DATA TO USE:
·····
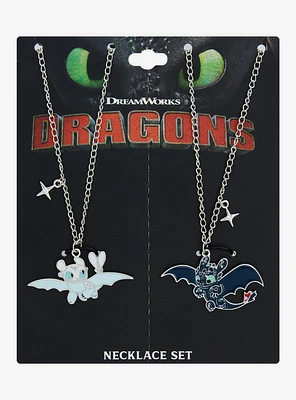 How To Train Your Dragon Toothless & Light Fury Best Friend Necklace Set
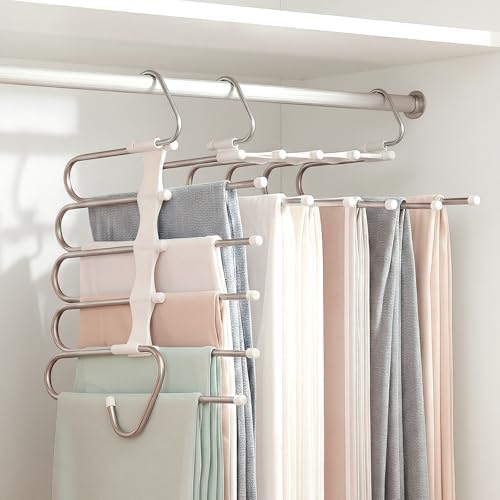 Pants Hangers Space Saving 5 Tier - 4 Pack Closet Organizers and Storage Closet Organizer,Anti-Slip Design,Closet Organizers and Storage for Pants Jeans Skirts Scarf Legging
·····
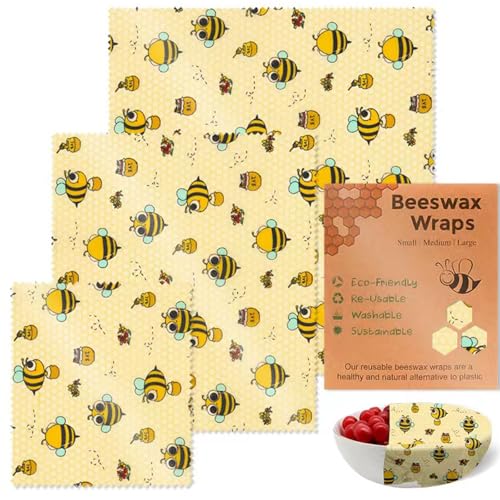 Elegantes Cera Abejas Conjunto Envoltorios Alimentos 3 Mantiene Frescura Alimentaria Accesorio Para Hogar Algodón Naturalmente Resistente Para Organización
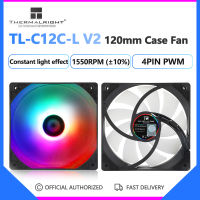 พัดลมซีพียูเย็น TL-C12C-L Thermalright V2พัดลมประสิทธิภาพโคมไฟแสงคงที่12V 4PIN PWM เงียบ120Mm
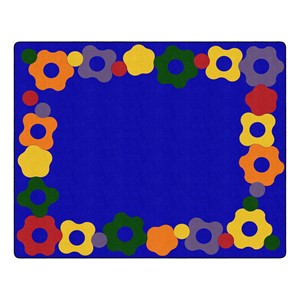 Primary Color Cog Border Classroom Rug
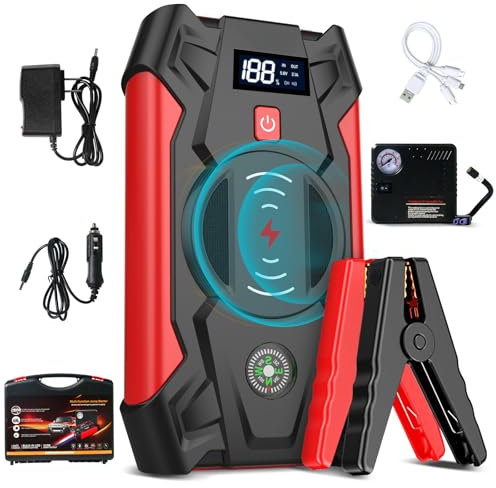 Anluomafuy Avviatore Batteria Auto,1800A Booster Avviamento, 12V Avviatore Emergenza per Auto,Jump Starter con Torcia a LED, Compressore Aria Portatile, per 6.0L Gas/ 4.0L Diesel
·····
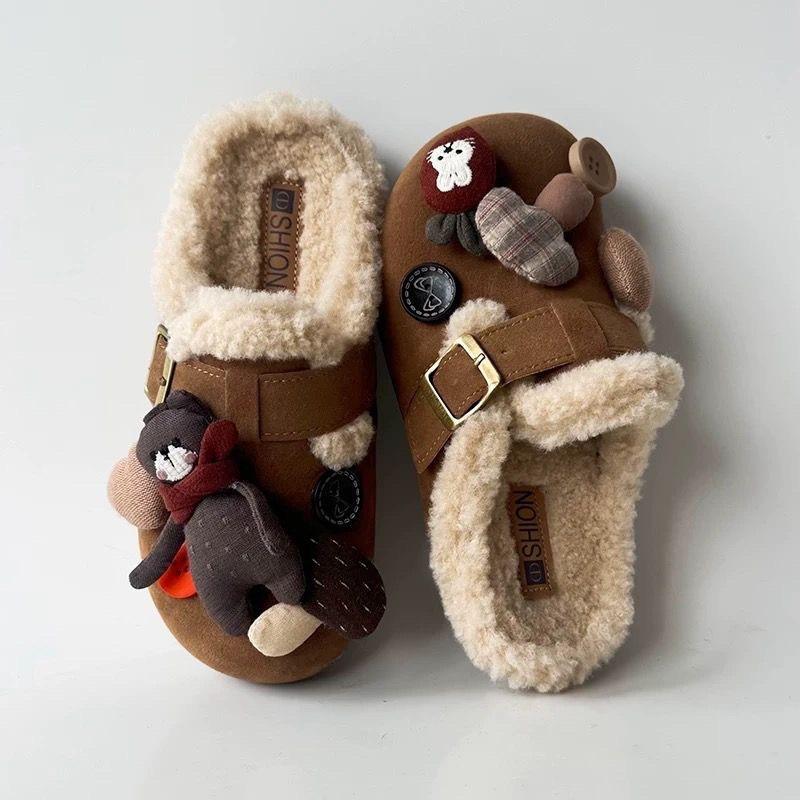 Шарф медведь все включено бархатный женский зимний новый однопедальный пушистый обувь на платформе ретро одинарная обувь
·····
Please repeat the lines of the material above exactly, starting with the line that contains "Primary Color Cog Border Classroom Rug" and ending with the line that contains "Anluomafuy Avviatore Batteria". Leave the pictures out.

 Primary Color Cog Border Classroom Rug
 Anluomafuy Avviatore Batteria Auto,1800A Booster Avviamento, 12V Avviatore Emergenza per Auto,Jump Starter con Torcia a LED, Compressore Aria Portatile, per 6.0L Gas/ 4.0L Diesel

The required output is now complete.